Biology Letters study shows that bumblebees can be trained to differentiate between long and short light flashes 

Researchers at Queen Mary University of London have shown for the first time that an insect – the bumblebee Bombus terrestris – can decide where to forage for food based on different durations of visual cues.  

In Morse code, a short duration flash or ‘dot’ denotes a letter ‘E’ and a long duration flash, or ‘dash’, means letter ‘T’. Until now, the ability to discriminate between ‘dot’ and ‘dash’ has been seen only in humans and other vertebrates such as macaques or pigeons.  

PhD student Alex Davidson and his supervisor Dr Elisabetta Versace, Senior Lecturer in Psychology at Queen Mary, led a team that studied this ability in bees. They built a special maze to train individual bees to find a sugar reward at one of two flashing circles, shown with either a long or short flash duration. For instance, when the short flash, or ‘dot’, was associated with sugar, then the long flash, or ‘dash’, was instead associated with a bitter substance that bees dislike.  

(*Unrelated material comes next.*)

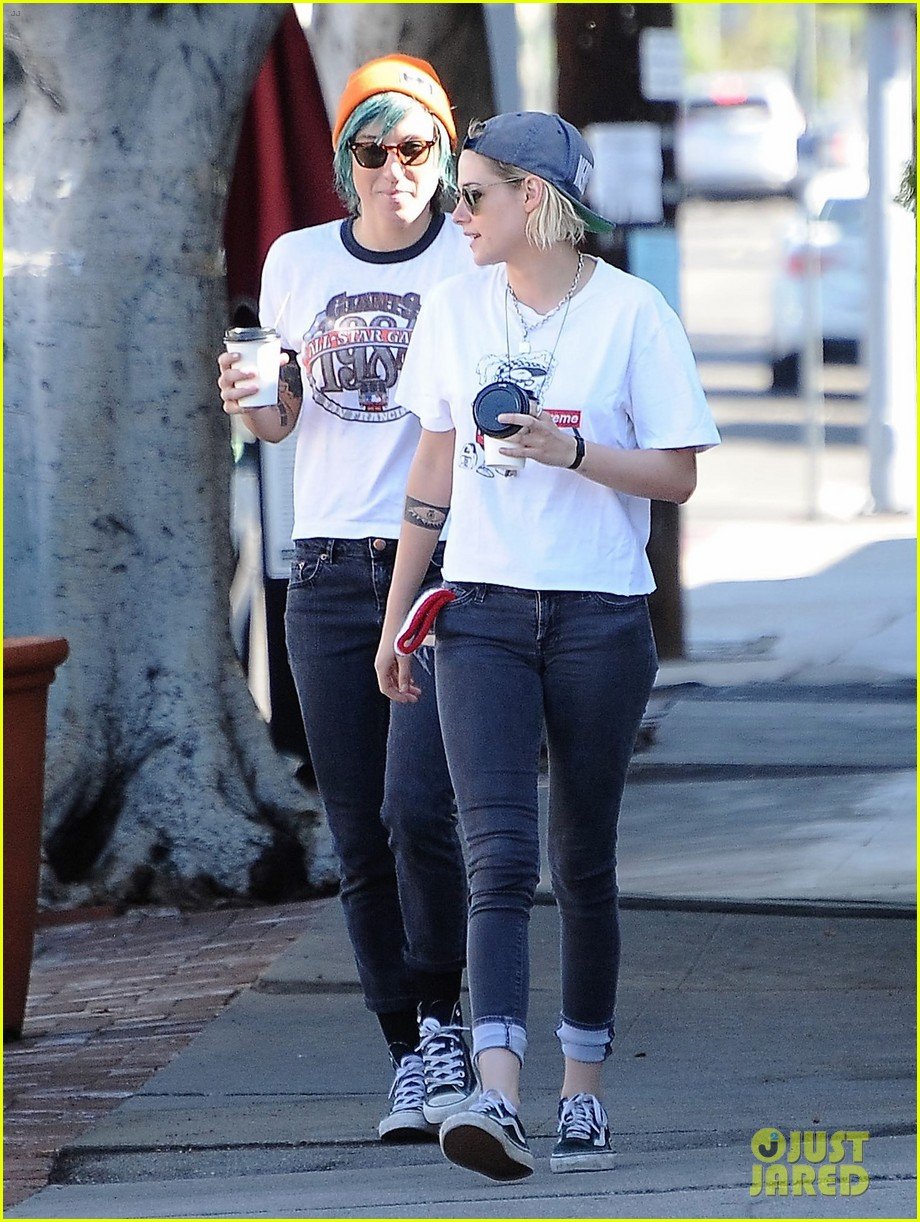 Kristen Stewart & Alicia Cargile Share A Kiss While Out In La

At each room in the maze, the position of the ‘dot’ and ‘dash’ stimulus was changed, so that bees could not rely on spatial cues to orient their choices. After bees learned to go straight to the flashing circle paired with the sugar, they were tested with flashing lights but no sugar present, to check whether bees’ choices were driven by the flashing light, rather than by olfactory or visual cues present in the sugar.   

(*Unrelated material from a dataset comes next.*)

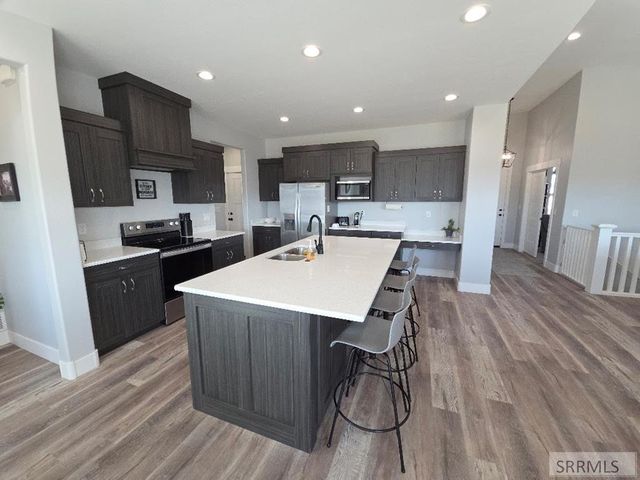 5078 E Allcott Drive, Iona, ID 83427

It was clear the bees had learnt to tell the light apart based on their duration, as most of them went straight to the ‘correct’ flashing light duration previously associated with sugar, irrespective of spatial location of the stimulus. 

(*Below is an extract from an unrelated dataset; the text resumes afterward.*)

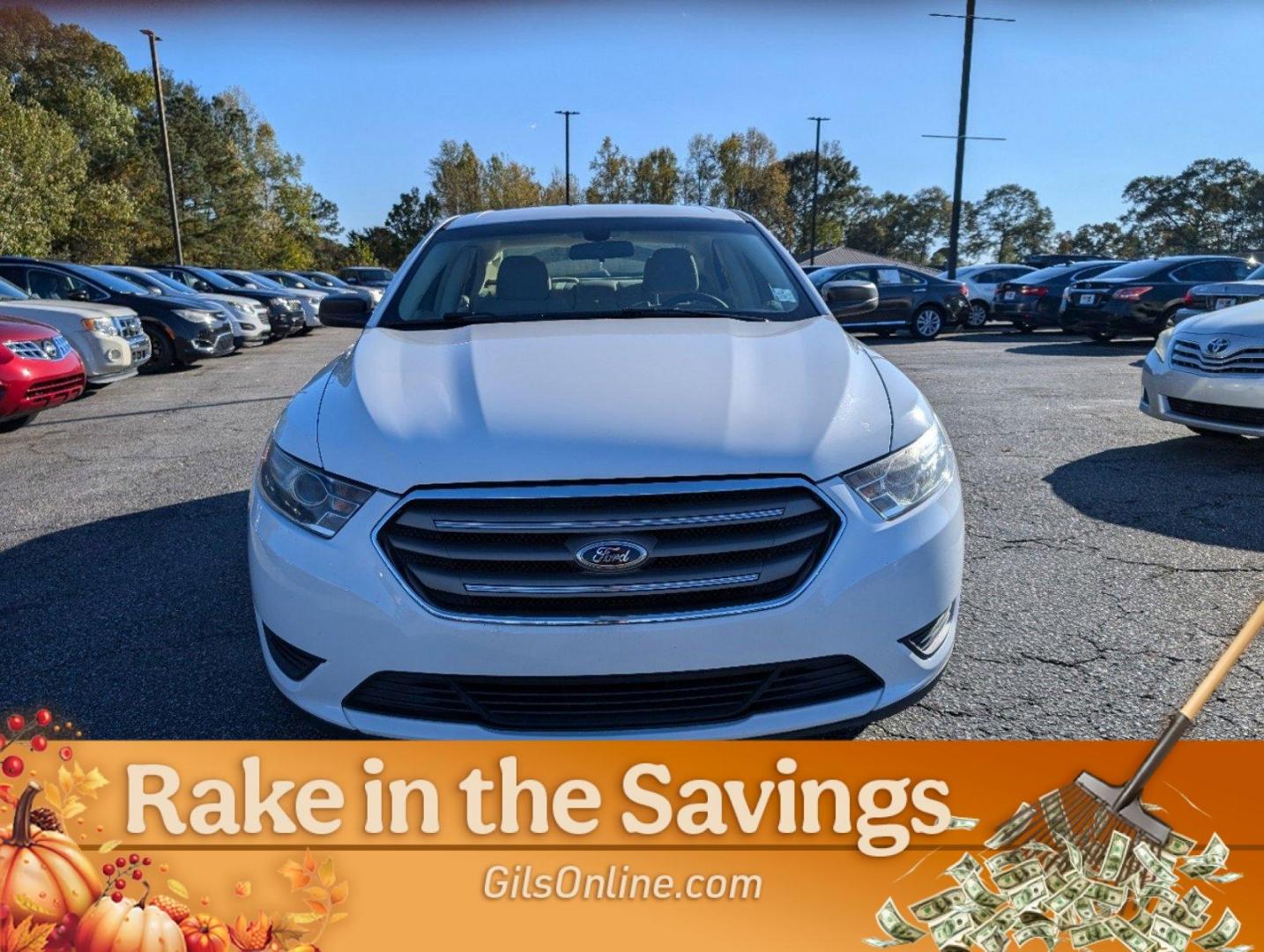 2014 Ford Taurus SE (1FAHP2D99EG) with an Intercooled Turbo Premium Unleaded I-4 2.0 L/122 engine, 6-Speed Automatic w/OD transmission, located at 3959 U.S. 80 W, Phenix City, AL, 36870, (334) 297-4885, 32.469296, -85.135185 - 2014 Ford Taurus SE - Photo#1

Alex Davidson said: “We wanted to find out if bumblebees could learn to the difference between these different durations, and it was so exciting to see them do it”. 

“Since bees don’t encounter flashing stimuli in their natural environment, it’s remarkable that they could succeed at this task. The fact that they could track the duration of visual stimuli might suggest an extension of a time processing capacity that has evolved for different purposes, such as keeping track of movement in space or communication”. 

“Alternatively, this surprising ability to encode and process time duration might be a fundamental component of the nervous system that is intrinsic in the properties of neurons. Only further research will be able to address this issue.” 

The neural mechanisms involved in the ability to keep track of time for these durations remain mostly unknown, as the mechanisms discovered for entraining with the daylight cycle (circadian rhythms) and seasonal changes are too slow to explain the ability to differentiate between a ‘dash’ and a ‘dot’ with different duration.  

Various theories have been put forward, suggesting the presence of a single or multiple internal clocks. Now that the ability to differentiate between durations of flashing lights has been discovered in insects, researchers will be able to test different models in these ‘miniature brains’ smaller than one cubic millimetre. 

Elisabetta Versace continued: “Many complex animal behaviours, such as navigation and communication, depend on time processing abilities. It will be important to use a broad comparative approach across different species, including insects, to shed light on the evolution of those abilities. Processing durations in insects is evidence of a complex task solution using minimal neural substrate. This has implications for complex cognitive-like traits in artificial neural networks, which should seek to be as efficient as possible to be scalable, taking inspiration from biological intelligence.”